> Your assignment:
Would you write out each line of the material below exactly, skipping every picture?

> Supplied material:
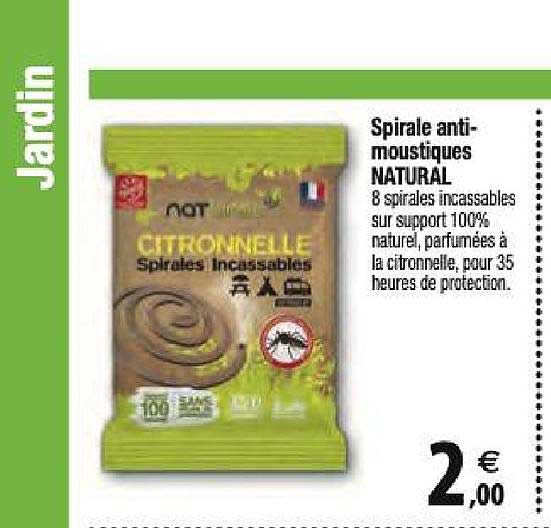 spirale anti-moustiques natural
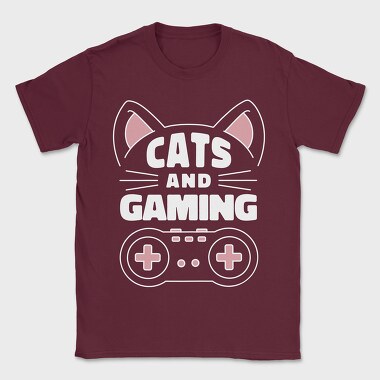 Cats and Gaming, Tricou Barbati (Unisex)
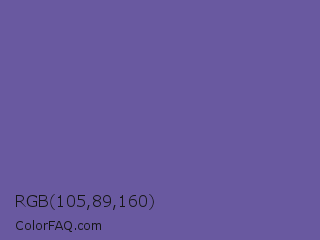 RGB 105,89,160 Color Image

> Exercise answer:
 spirale anti-moustiques natural
 Cats and Gaming, Tricou Barbati (Unisex)
 RGB 105,89,160 Color Image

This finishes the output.